- Scraped caption text data -
:::::
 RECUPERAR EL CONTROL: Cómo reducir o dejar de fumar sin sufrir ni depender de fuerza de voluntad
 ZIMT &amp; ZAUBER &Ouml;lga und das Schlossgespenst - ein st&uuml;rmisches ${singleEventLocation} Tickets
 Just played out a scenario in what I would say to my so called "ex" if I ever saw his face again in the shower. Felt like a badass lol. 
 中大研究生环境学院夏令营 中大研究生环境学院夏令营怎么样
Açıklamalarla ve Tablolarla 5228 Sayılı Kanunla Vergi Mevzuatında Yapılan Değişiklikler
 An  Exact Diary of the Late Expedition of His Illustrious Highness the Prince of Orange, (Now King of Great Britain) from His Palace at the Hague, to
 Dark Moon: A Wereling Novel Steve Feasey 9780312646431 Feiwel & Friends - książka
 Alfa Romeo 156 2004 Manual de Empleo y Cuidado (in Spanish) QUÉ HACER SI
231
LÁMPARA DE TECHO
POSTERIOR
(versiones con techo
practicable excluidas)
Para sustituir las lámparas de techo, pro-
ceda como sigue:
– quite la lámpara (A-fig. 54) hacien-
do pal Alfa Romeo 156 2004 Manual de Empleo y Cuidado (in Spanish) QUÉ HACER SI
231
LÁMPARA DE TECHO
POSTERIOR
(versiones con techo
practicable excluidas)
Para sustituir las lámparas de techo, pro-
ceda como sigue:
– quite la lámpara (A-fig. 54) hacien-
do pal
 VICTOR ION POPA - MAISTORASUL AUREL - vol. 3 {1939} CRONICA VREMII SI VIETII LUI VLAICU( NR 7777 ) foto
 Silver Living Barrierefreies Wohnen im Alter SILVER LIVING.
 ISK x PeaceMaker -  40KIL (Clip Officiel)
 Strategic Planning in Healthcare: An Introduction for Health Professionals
:::::
- Goal of the exercise -
Once you reach the line that contains "Silver Living Barrierefreies", print it and every line after it exactly as written, stopping at the last line of the records and adding nothing.

- The completed task -
 Silver Living Barrierefreies Wohnen im Alter SILVER LIVING.
 ISK x PeaceMaker -  40KIL (Clip Officiel)
 Strategic Planning in Healthcare: An Introduction for Health Professionals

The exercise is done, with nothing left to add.